The Many Colors of Corruption | Last Word

Attorney General and gubernatorial candidate Greg Abbott stirred up quite a controversy last week when he referred to political corruption in the Rio Grande Valley as resembling “third-world country practices that erode the social fabric of our communities and destroy Texans’ trust and confidence in government."

Business leaders and others in bustling cities such as Harlingen and McAllen were not amused at the suggestion that they are trapped in a third-world culture.

All the corrupt politicians he referenced were Hispanic, and the context suggested that the corruption somehow had to do with the influence of Mexican cartels.

The controversy reminds me of a question I was asked a dozen years ago during a talk to the Downtown Kiwanis Club of San Antonio.

The talk came shortly after a two-week period in which a dozen San Antonio politicos and associates were arrested on corruption charges by both the FBI and the Texas Rangers.

All but two were Hispanic.

Those two were African-American.

The question asked of by the Kiwanian: “Why don’t we just admit that the reason we have so much corruption in San Antonio is that we are so close to the Mexican border.”

There was tension in the room, despite the fact that the club had few Hispanics.

I paused a long moment, then said, “I find that question offensive.”

“The reason I find it offensive,” I added, “is that it pays no respect to my Irish ancestors.

There is nothing these Mexicans have done that they didn’t learn from the Irish.”

The point was not simply to be humorous.

It was that corruption is human.
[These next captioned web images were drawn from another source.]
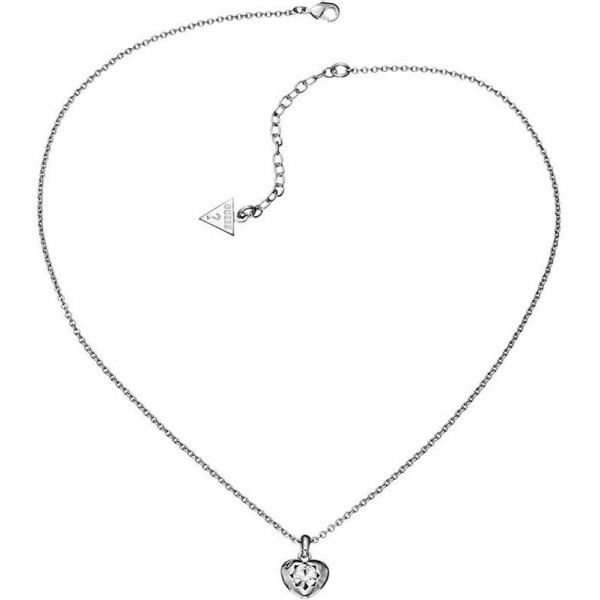 Buy Women's Guess Necklace Crystals Of Love UBN51419 Heart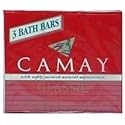 Camay Softly Scented Bath Bar Soap, Classic, 4.0 oz Bars, 3 Each, by Camay Beauty & Personal Care Camay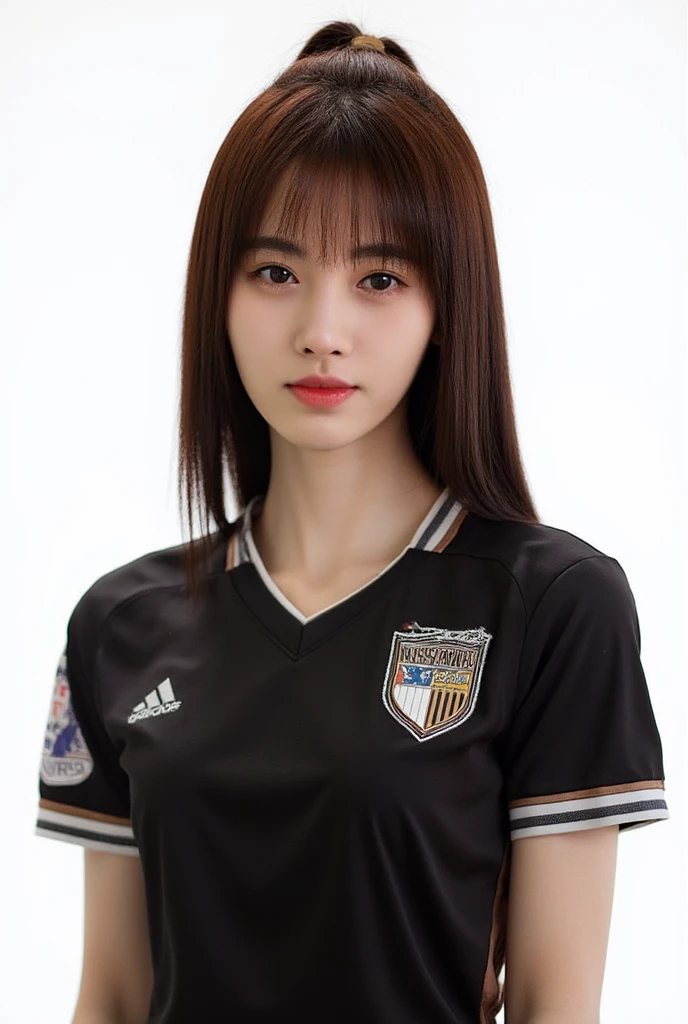 (Photo realism: 1.4), (Surrealism: 1.4), (Practical: 1.3), (soft light: 1.05), (Improved lighting: 0.9), 32k, 1 girl, 20 year old girl, Practical lighting, Backlight, face light, Ray Tracing, (Whitening Light: 1.2), (Image Enhancement: 1.4), ( Top quality leather: 1.4), Narrow your eyes, delicate face, Narrow your eyes, (Body lines, mood boost: 1.1),  that are too large, Large target, (Improve skin quality and beauty: 1.1),volleyball uniform:1.4, indoor_volleyball_court_background:1.4, Thighs Thighs Thighs Thighs, protrude , 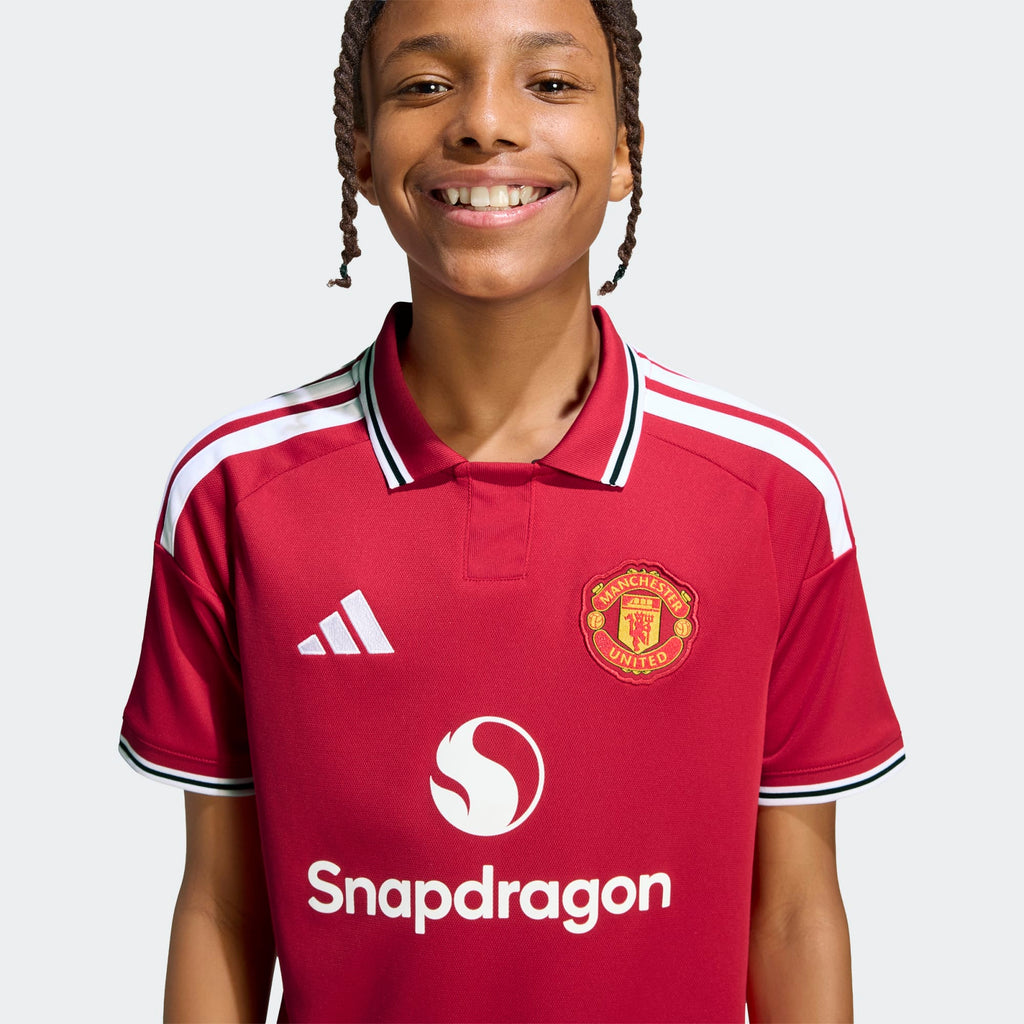 adidas MANCHESTER UNITED 26/27 HOME JERSEY KIDS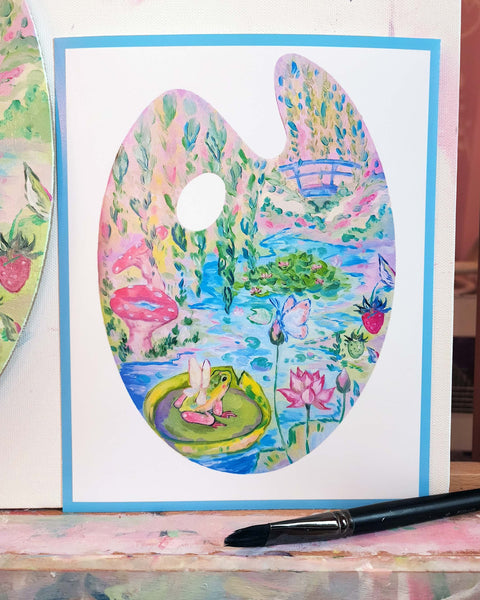 Lily Palette Prints!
It is found everywhere, though in different flavors.

When I was a student at St. Mary’s University, a great government teacher named Bill Crane told us how Catholics and Protestants differed.

By Catholics, he meant recent Irish, Italian and Mexican immigrants.

The difference, he said, is that the Protestants who have been here longer understand the value of delayed gratification.

The more recent arrivals feel the need to cash in while in office.

The “Protestants” use government service to build resumes that let them cash in more handsomely – and legally – after they leave.

About the time of the arrests of that dirty dozen the company that is now AT&T hired former Mayor Howard Peak to be director of municipal affairs.

The company also hired former State Rep. Karyne Conley to be a Washington lobbyist, and former State Sen. John Montford as senior vice president of external affairs.

And USAA hired former County Judge and State Sen. Cyndi Krier as vice president for government relations.

Some had carried political water for the companies.

Others were hired simply for the skills they had developed and the contacts they had made.

Either way, such power hardly purifies the political system.

Such revolving door appointments aren’t the only ways perfectly legal practices, to quote Abbott, “erode the social fabric of our communities and destroy Texans’ trust and confidence in government."

A fresh example in the news:

Gov. Rick Perry appointed and the state Senate confirmed a vice president of one of the nation’s largest payday lending firms to head the commission charged with regulating that industry.

William White is vice president of Cash America, which was recently fined $19 million by federal authorities for abusive practices.

He is also chairman of the Texas Finance Commission.

Cash America and its fellow high-interest lenders give well more than $1 million every election cycle to Texas politicians and millions more to lobbyists.

Most of us citizens understand Mr. White’s appointment to be an example of corruption.

Greg Abbott will merely say that it’s legal.